Factual circumstances
- [3]On 12 July 2015 police apprehended the Appellant in Bowen and he agreed to accompany them to the police station. He was placed in the interview room (the police enquiries relating to other matters) and asked whether he had anything in his possession that he wished to declare. He unclenched his fist, producing 0.5grams of green leafy material. He said it was cannabis.
Submissions to the Magistrate
- [4]No submissions on sentence were made by the prosecutor and there was no invitation from the Magistrate so to do, until after the defendant’s counsel had made his submissions. Mr Castor, who also represented the Appellant in the Court below, provided to his Honour antecedent information, submitted that the amount of cannabis involved was very small and said this offence of possession of a dangerous drug was at the lowest end of offences of this nature. He quite properly conceded that the defendant had an ‘unenviable’ criminal history with respect to drug matters, but submitted that the Magistrate should not impose a sentence that was disproportionate to the gravity of the subject offence. He submitted that a monetary penalty should be imposed. He said that since the appellant was now in paid employment, a monetary penalty would act as a personal deterrent to him.
- [5]The Magistrate then gave the prosecutor an opportunity to make a submission about section 9 (11) of the Penalties and Sentences Act 1992. The prosecutor however, elected not to make further submissions. The Magistrate did not offer that opportunity, prior to sentence, to Mr Castor.
- [6]Section 9 (11) of the Penalties and Sentences Act 1992 provides as follows:
“Despite subsection (10), the sentence imposed must not be disproportionate to the gravity of the current offence.”
Hence the issue of disproportionality was a live issue in the mind of his Honour.

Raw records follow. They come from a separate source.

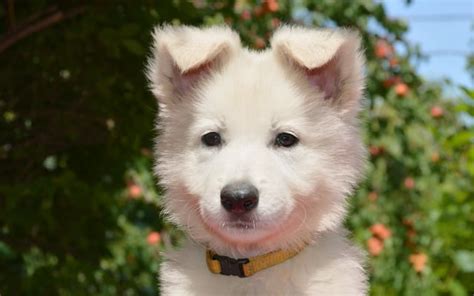 White Swiss Shepherd Dog Breed information & Pictures | Euro Puppy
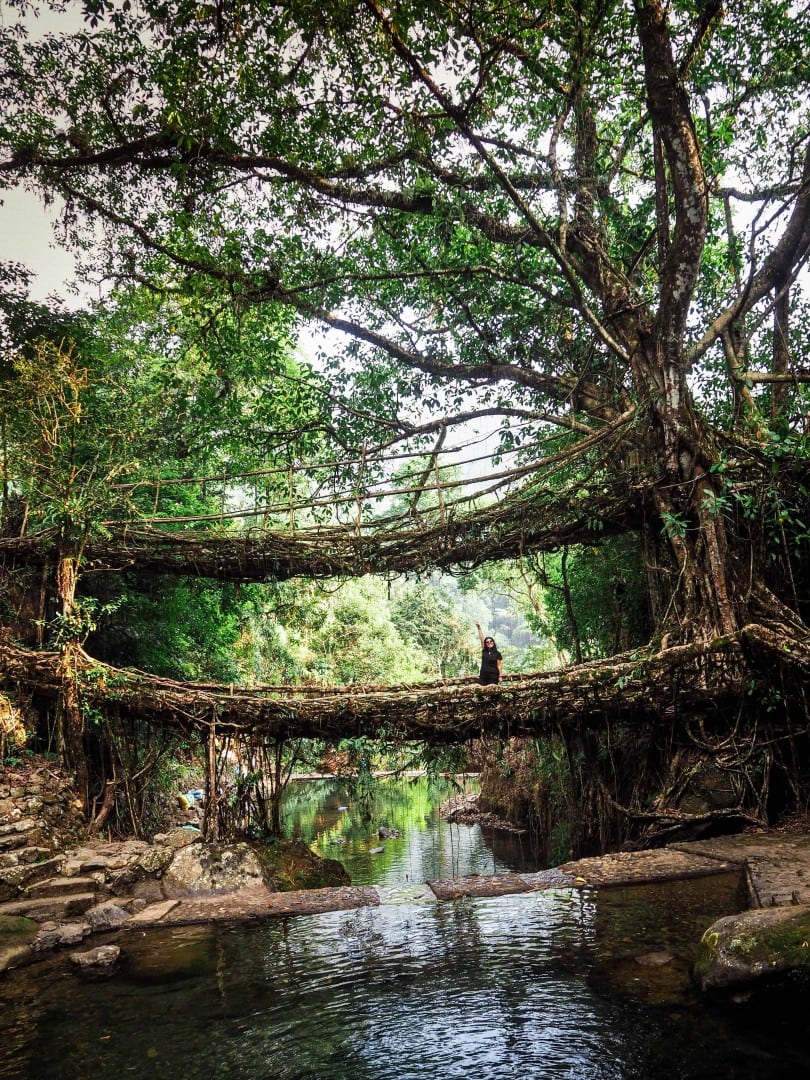 how to reach double decker root bridge cherrapunje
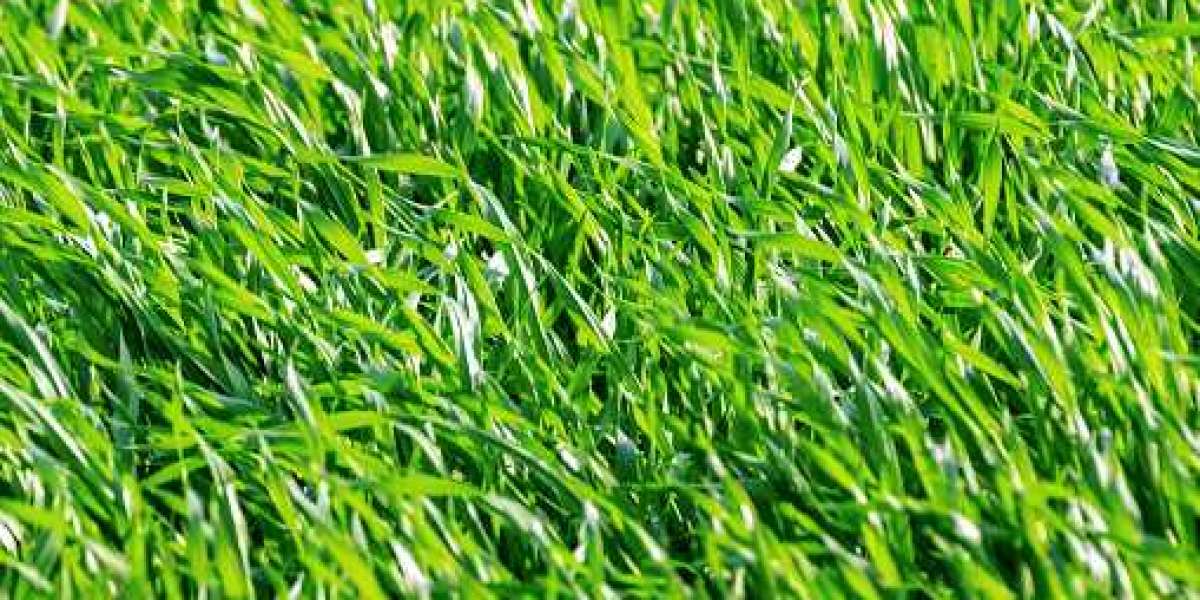 Wheatgrass Products Market Overview, Size, Share, Price, Trends, Growth, Analysis, Outlook, Report and Forecast 2030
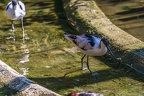 0490-all-weather zoo munster-avocet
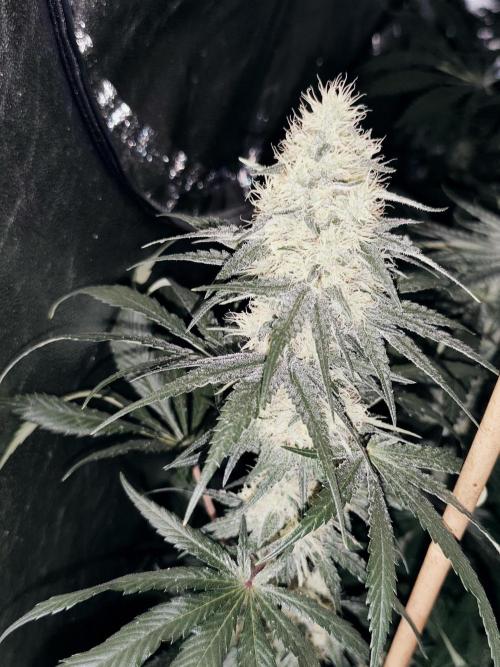 Spliff Seeds Gelato. Week 8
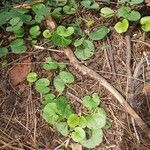 Dichondra carolinensis Feuille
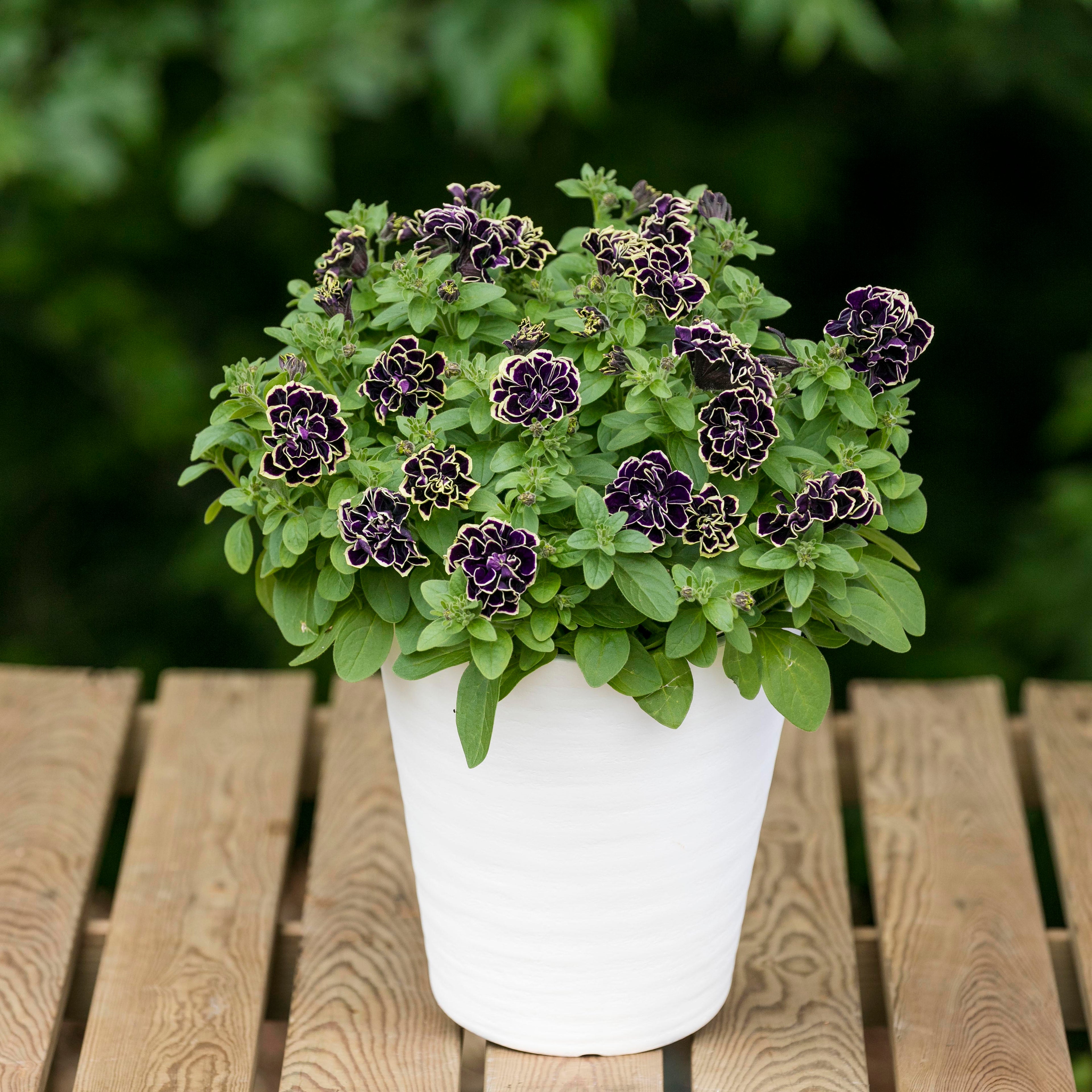 Petunia 'Midnight Gold' ~ Trio of 3 Hefty Plants for Preorder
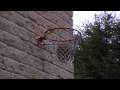 Glyn n Gaz Breakin The Court!!! Glyn n Gaz Breakin The Court!!!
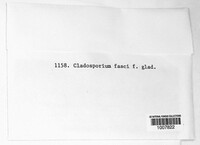 Cladosporium fasciculatum image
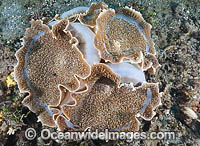 Corallimorpharian Amplexidiscus fenestrafer Photo - Gary Bell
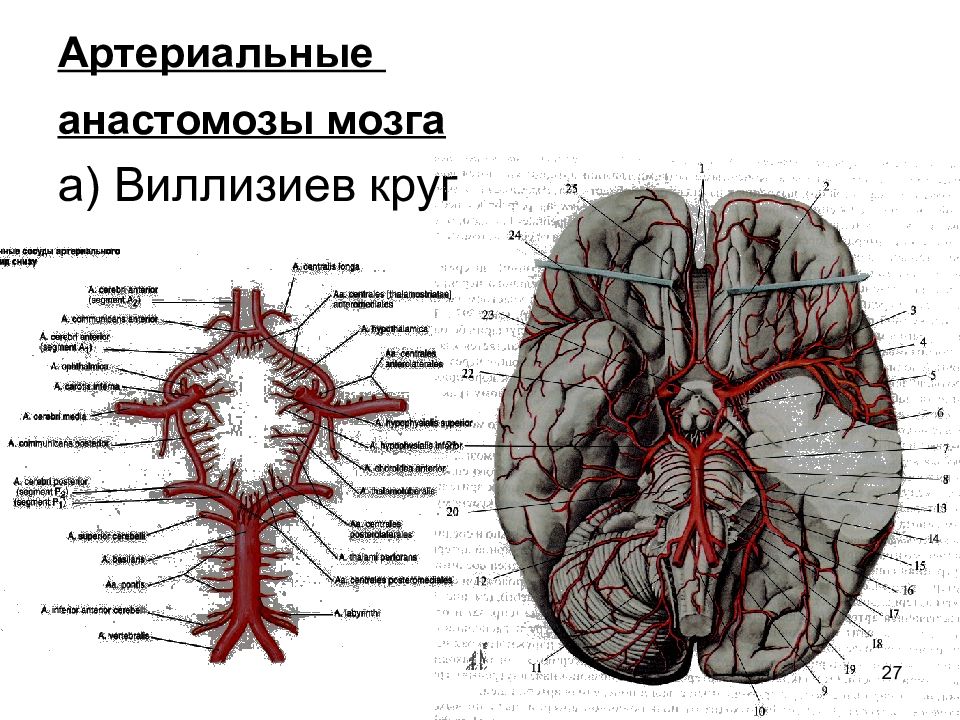 Артерии круг головного мозга. Кровообращение мозга. Виллизиев круг.. Виллизиев круг в головном мозге. Кровоснабжение головного мозга артериальный круг мозга анатомия. Кровоснабжение головного мозга схема Виллизиев круг.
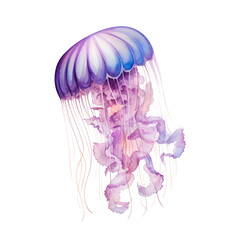 Watercolor Jelly Fish Isolated. Illustration AI Generative.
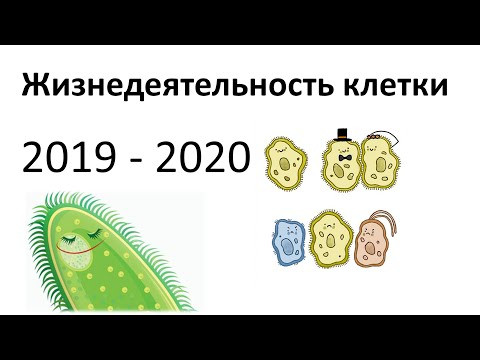 6. Жизнь клетки (5 класс) - введение в Биологию 6. Жизнь клетки (5 класс) - введение в Биологию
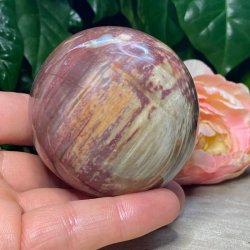 Forstenet tr kugle 68mm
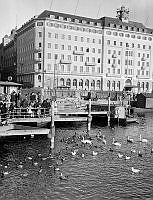 Södra Blasieholmshamnen, nu Strömkajen. Sjöfåglar på Norrström i förgrunden, Grand Hotel i bakgrunden.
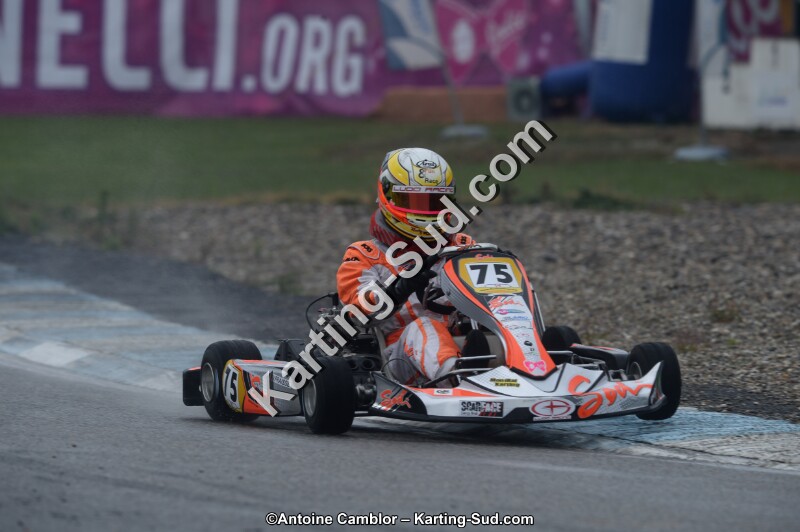 DSC_8251.jpg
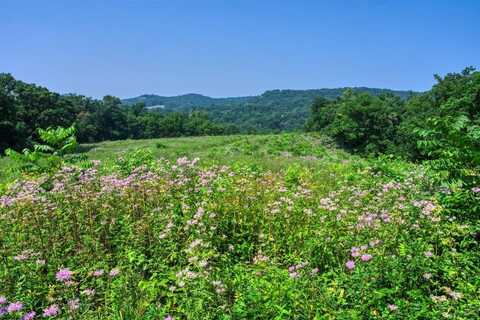 165+/- Acres Miess Road, Dodgeville, WI 53533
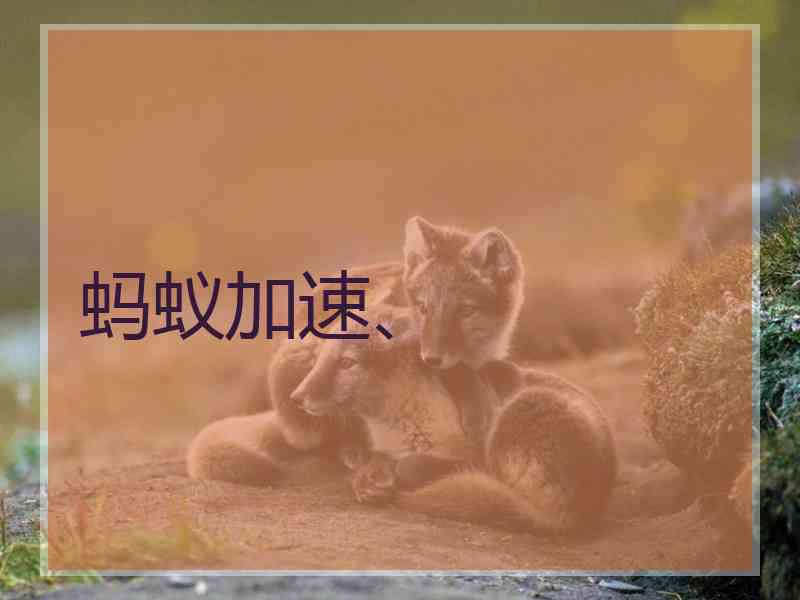 蚂蚁加速、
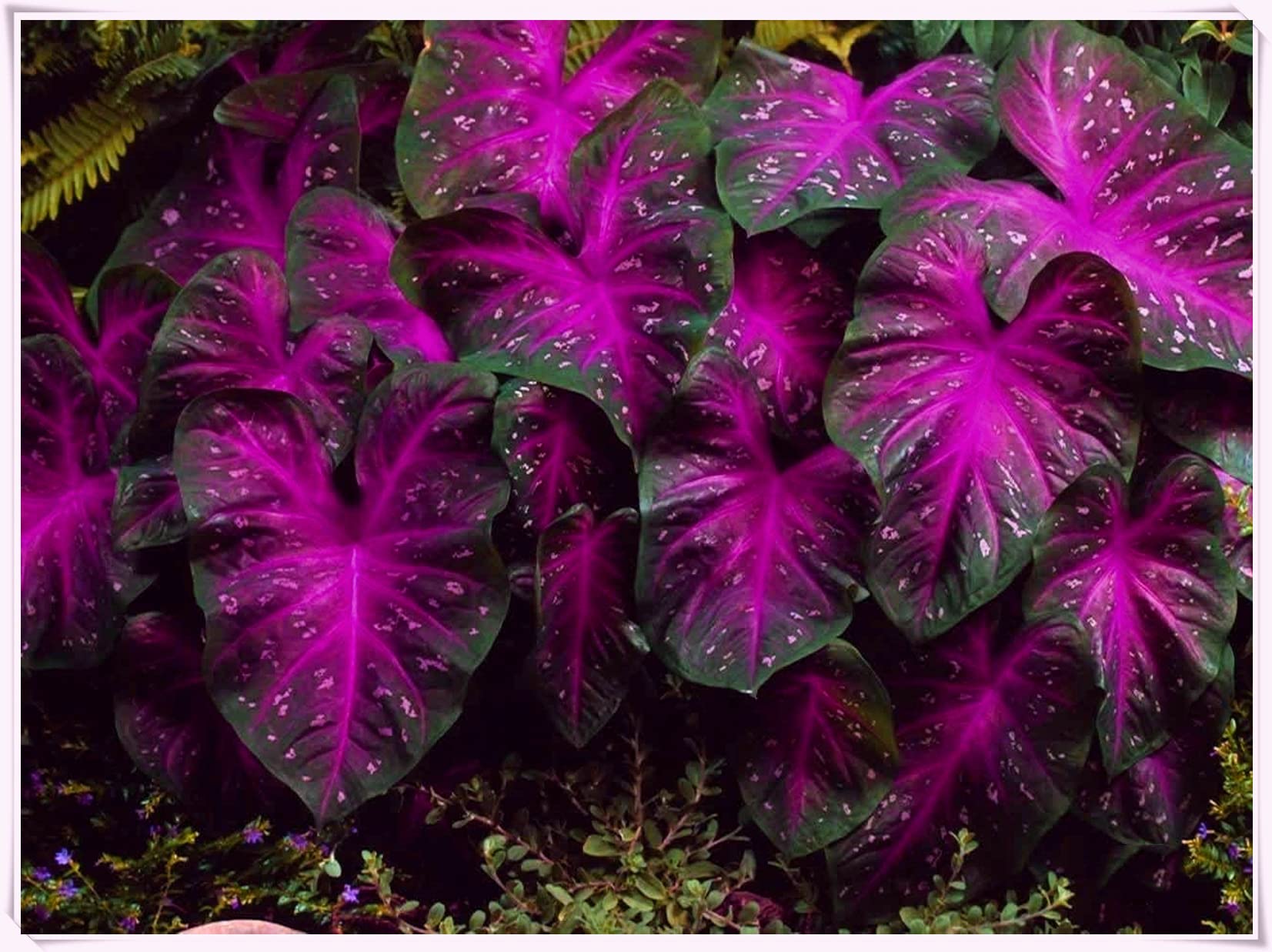 Elephant Ear Bulbs - 2 Pack Perennial Plants for Year-Round Growth in Pots | Indoor/Outdoor Garden Decor & Unique Plant Gifts for Home, Office, or Patio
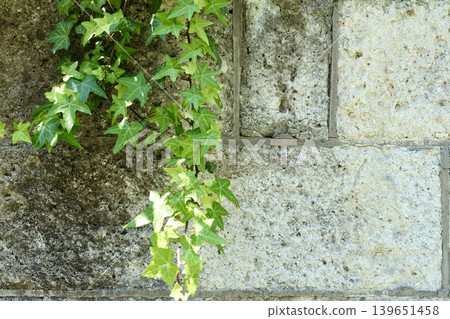Ivy leaves creeping up the old Oya stone wall 139651458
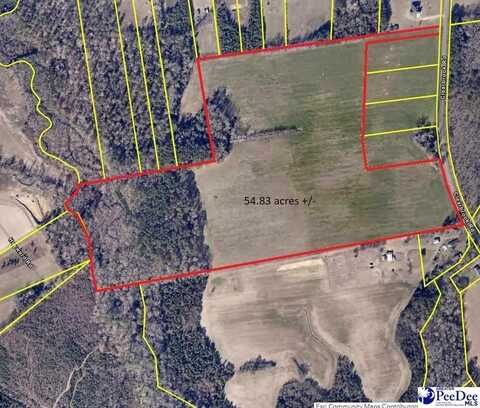 TBD Clearbrook Rd, Effingham, SC 29541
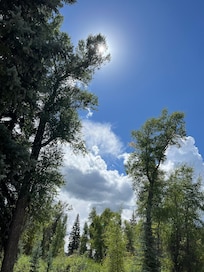 Beauty surrounding the beautiful cabin!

The Magistrate’s sentencing remarks
- [7]The Magistrate said in sentencing the Appellant that:
The plea of guilty was ‘timely but not early’;
the plea of guilty was taken into account and the sentence was reduced as a result;
the Appellant now had employment and he wished to be careful not to interfere with that employment as much as possible;
the criminal history of the Appellant was poor;
the offence was not particularly serious in the scheme of things;
his Honour’s original intention was to impose a sentence involving actual imprisonment; and
that if he was to impose a fine, it would have to be of such a significant amount that it would have a significant impact upon the Appellant’s lifestyle for years, potentially.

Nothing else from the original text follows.